The crypto market has been hit particularly hard in recent weeks due to renewed strength in the greenback. In August, bitcoin staged a brief rally to $25,200 as the dollar retreated from its July highs. Since then, however, crypto assets have been crushed under the weight of the soaring dollar. Bitcoin now appears to be pinned below $20,000 while the dollar continues to rise, trading around $18,810 at press time, according to CoinGecko data.
Much of the dollar’s positive move can be attributed to rising Federal Reserve interest rates. As the Fed raises interest rates to fight inflation, it tightens US dollar liquidity. This should help bring inflation back down by making it more expensive to borrow money, thereby reducing demand. However, a side effect of such a regime is that it makes the dollar a much more attractive asset.
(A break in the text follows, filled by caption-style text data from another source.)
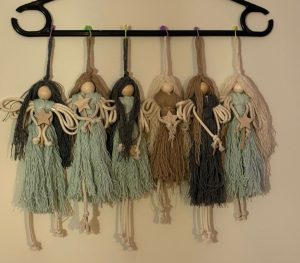 DIY Macramé engeltje www.moonmacrame.nl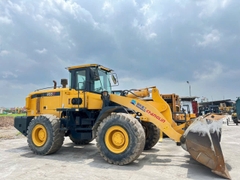 Máy xúc lật cũ 3 m3 Changlin 955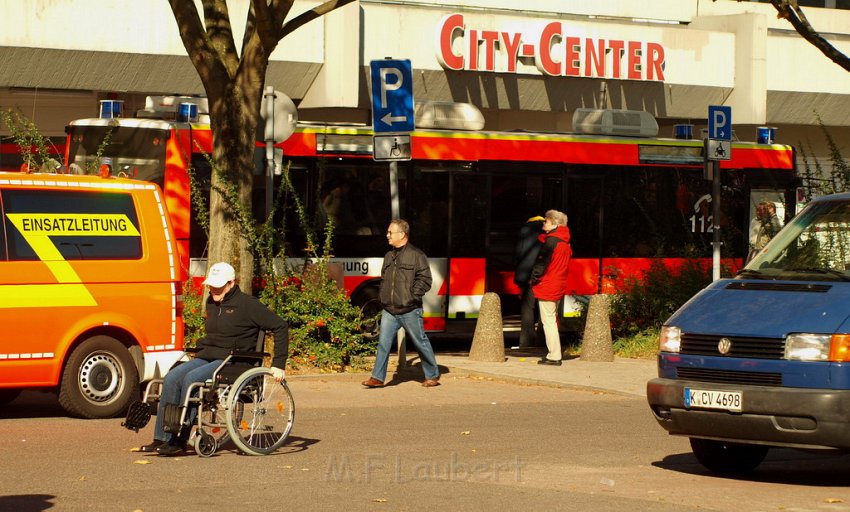 Feuer 3 Koeln Chorweiler Liverpoolerplatz P113.JPG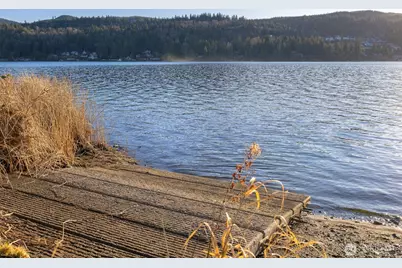 2111 Dellesta Drive, Bellingham, WA 98226 - Photo 33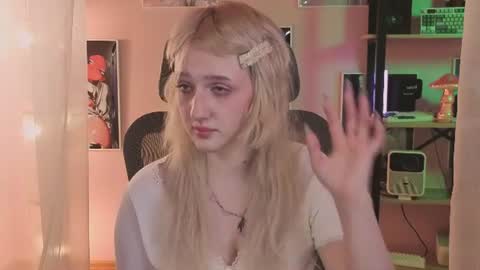 Ellie online show from June 17, 9:34 am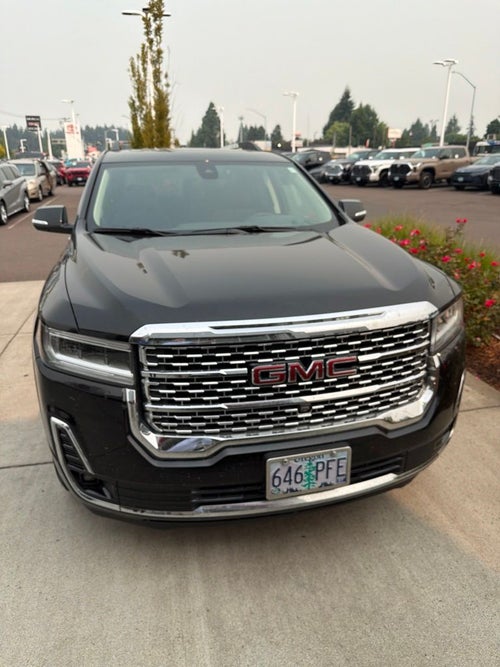 2023 GMC Acadia Denali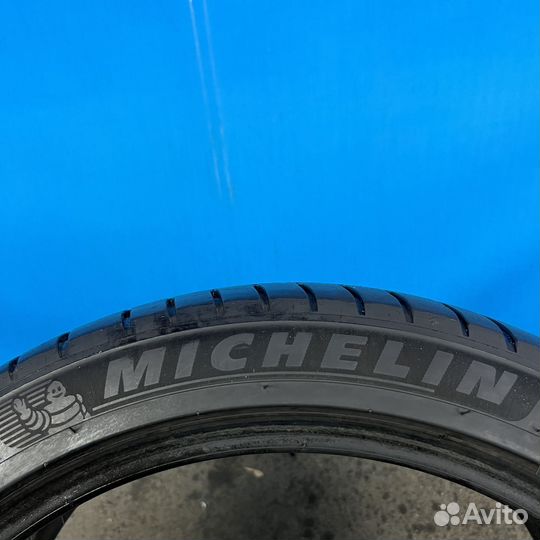 Michelin Pilot Sport 4 245/40 R19 98Y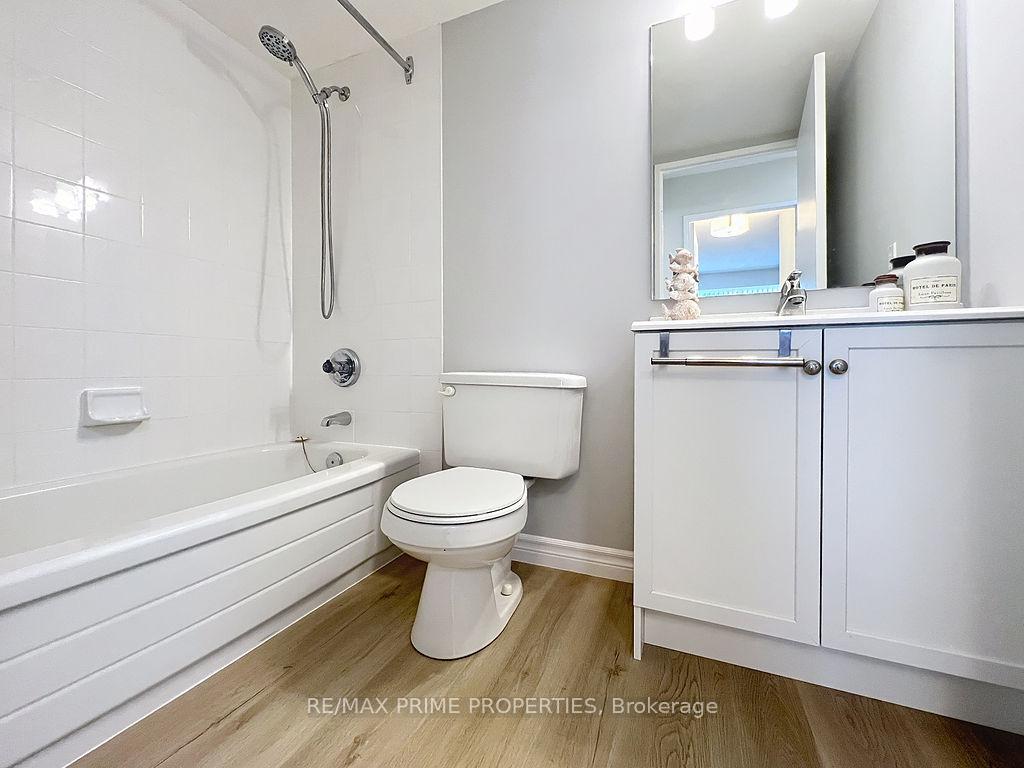 2 Bedrooms Condo at 91 Townsgate, Vaughan For sale
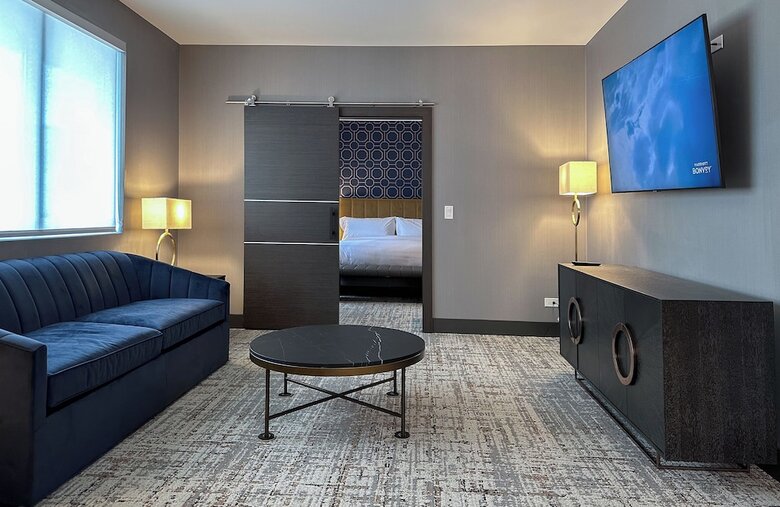 Hotel Springhill Suites By Marriott Chicago Chinatown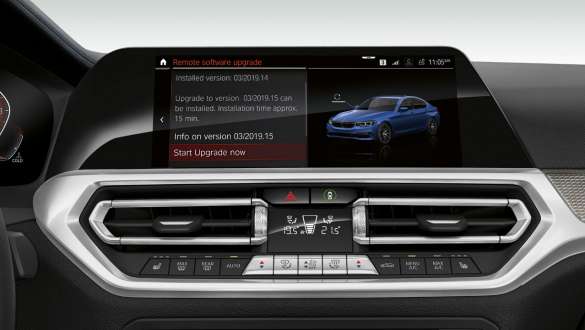BMW 3 Series Sedan, Remote Software Upgrade. Frontal close-up of the cockpit display of the BMW 3 Series Sedan with Remote Software Upgrade.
Tightening dollar liquidity means market participants have less cash to invest in riskier assets like cryptocurrencies and stocks. This in turn reduces demand, leading to falling asset prices. The Federal Reserve has also stopped buying US Treasuries as part of its tightening policy. This has caused US bond yields to rise, which is helping the value of the dollar rise as more investors buy these bonds.
The dollar milkshake theory
It’s not just crypto and stocks suffering from a rising US dollar. As the Fed began raising interest rates to fight inflation before other nations and has become more aggressive as it hikes, liquidity from the global economy is flowing into the US dollar at a record pace.
This effect has been dubbed the “dollar milkshake theory” by Brent Johnson, CEO of Santiago Capital. It expects the dollar to soak up liquidity from other currencies and countries around the world when the Fed stops printing due to its status as the world reserve currency.
Since the US Federal Reserve turned off its money printer and began tightening liquidity in March, the dollar milkshake theory seems to be coming true. The euro, the currency that gets the largest weight against the dollar on the DXY, has plummeted throughout 2022 and recently hit a fresh 20-year low of 0.9780 against the dollar.
Other world currencies are not faring much better. The Japanese yen fell to a 24-year low on Thursday, prompting government intervention to support the currency. While the European Central Bank has reacted to the weakening euro by raising interest rates, the Bank of Japan has so far refused to do so. This is because it is actively involved in yield curve control, keeping interest rates at -0.1% while buying an unlimited amount of 10-year government bonds to keep the yield at a 0.25% target.
As of today, assets like cryptocurrencies are finding it increasingly difficult to gain strength amid a deteriorating global economy. However, there are several signs investors can watch for that could indicate an end to the dollar’s dominance and its fallout. If CPI data shows a notable decline next month, investors could turn to riskier assets in hopes that the Fed will ease its rate hikes. Elsewhere, a resolution to the current Russo-Ukrainian war could help ease the global energy crisis by lowering the cost of oil and gas. Still, the dollar’s rise is showing no signs of slowing down for now – and that could keep crypto trapped near its yearly lows.
Disclosure: At the time of writing this article, the author owned ETH, BTC, and several other cryptocurrencies.